Sono ormai chiari i paletti che la riforma ha introdotto per ogni settore lavorativo (finestre mobili, totalizzazione rigida ecc.), con un occhio particolarmente severo per i lavoratori e le lavoratrici del pubblico impiego. Fra le restrizioni della legge è inciampata anche, con la sua totale cancellazione, la legge 322 del 1958, l'unica opportunità che garantiva, agli assicurati dell'Inpdap senza pensione, di poter trasferire gratuitamente i contributi all'Inps, con la prospettiva di raggiungere comunque un assegno per la vecchiaia.
In realtà la cancellazione della legge 322 ha prodotto indirettamente un vuoto normativo, che la riforma non aveva considerato, con notevole danno per gli interessati. Lo spiega meglio l'esempio di un lavoratore che possiede contributi sia all'Inpdap sia all'Inps.
Prima ipotesi: il lavoratore è già pensionato dell'Inpdap. Nello stesso tempo ha anche pochi contributi nell'assicurazione generale Inps. Prima di ottenere la pensione come dipendente pubblico, aveva la possibilità di incrementare la posizione Inps con i contributi volontari, oppure ricorrendo alla ricongiunzione o totalizzazione dei versamenti, e maturare così una seconda pensione autonoma. Una volta divenuto pensionato dell'Inpdap, se i pochi contributi Inps non sono stati toccati danno diritto ad una "pensione supplementare" dello stesso Inps, essendo appunto insufficienti per un normale assegno di vecchiaia o di invalidità. La pensione supplementare (che non va confusa col "supplemento di pensione") ha un importo sempre ridotto rispetto alle pensioni ordinarie, perché viene calcolata solo in base ai contributi versati, senza riferimenti alle retribuzioni; ha il vantaggio però di non richiedere oneri per l'interessato.

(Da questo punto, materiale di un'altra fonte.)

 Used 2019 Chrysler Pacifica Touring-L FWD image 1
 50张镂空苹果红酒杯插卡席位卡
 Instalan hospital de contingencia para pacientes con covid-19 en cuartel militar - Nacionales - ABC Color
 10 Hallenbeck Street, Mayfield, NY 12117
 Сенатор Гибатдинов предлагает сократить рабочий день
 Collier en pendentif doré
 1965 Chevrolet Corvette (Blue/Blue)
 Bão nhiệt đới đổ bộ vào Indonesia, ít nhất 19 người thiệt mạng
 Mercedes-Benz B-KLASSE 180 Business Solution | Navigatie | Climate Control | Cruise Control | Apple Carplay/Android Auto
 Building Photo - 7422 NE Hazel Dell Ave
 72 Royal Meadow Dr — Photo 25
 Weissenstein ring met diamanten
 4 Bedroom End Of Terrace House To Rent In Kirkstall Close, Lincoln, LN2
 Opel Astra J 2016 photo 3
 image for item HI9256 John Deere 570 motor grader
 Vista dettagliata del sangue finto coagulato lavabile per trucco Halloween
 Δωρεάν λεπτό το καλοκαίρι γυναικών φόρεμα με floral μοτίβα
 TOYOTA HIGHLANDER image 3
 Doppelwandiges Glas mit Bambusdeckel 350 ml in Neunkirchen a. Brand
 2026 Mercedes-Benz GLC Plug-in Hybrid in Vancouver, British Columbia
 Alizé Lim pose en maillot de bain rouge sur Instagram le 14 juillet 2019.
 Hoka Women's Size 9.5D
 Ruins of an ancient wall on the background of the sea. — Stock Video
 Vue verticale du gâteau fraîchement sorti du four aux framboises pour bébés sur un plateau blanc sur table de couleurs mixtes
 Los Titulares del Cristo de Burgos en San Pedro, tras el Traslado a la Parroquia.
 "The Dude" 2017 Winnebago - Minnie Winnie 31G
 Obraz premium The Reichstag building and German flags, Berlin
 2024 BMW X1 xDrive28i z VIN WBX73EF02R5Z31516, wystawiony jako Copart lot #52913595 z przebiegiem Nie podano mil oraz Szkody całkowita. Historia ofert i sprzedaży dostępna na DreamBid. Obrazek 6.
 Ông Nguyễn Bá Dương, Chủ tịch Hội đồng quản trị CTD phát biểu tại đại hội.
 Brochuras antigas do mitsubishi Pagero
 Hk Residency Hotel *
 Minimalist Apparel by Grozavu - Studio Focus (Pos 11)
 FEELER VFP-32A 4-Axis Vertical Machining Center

Seconda ipotesi: il lavoratore è pensionato Inps e possiede pochi contributi nell'Inpdap. Prima della riforma, questi contributi sarebbero stati direttamente e gratuitamente trasferiti all'Inps, e qui utilizzati, grazie alla legge 322. Dopo la riforma, cancellata la 322, l'interessato può sempre movimentare la posizione Inpdap (ma con misure a pagamento), non può ricorrere però ad alcuna pensione supplementare, per il semplice motivo che questo tipo di pensione non è mai esistito nell'Inpdap. La legge 322 provvedeva infatti a risolvere alla radice le situazioni contributive insufficienti nell'Inpdap.
Si è prodotta così una disparità di trattamento tra gli assicurati Inps e gli assicurati Inpdap, a danno dei primi, certamente non voluta dal legislatore, il quale da tempo sta operando per una previdenza parificata fra i due grandi settori lavorativi, il pubblico e il privato. Ma a volte è distratto.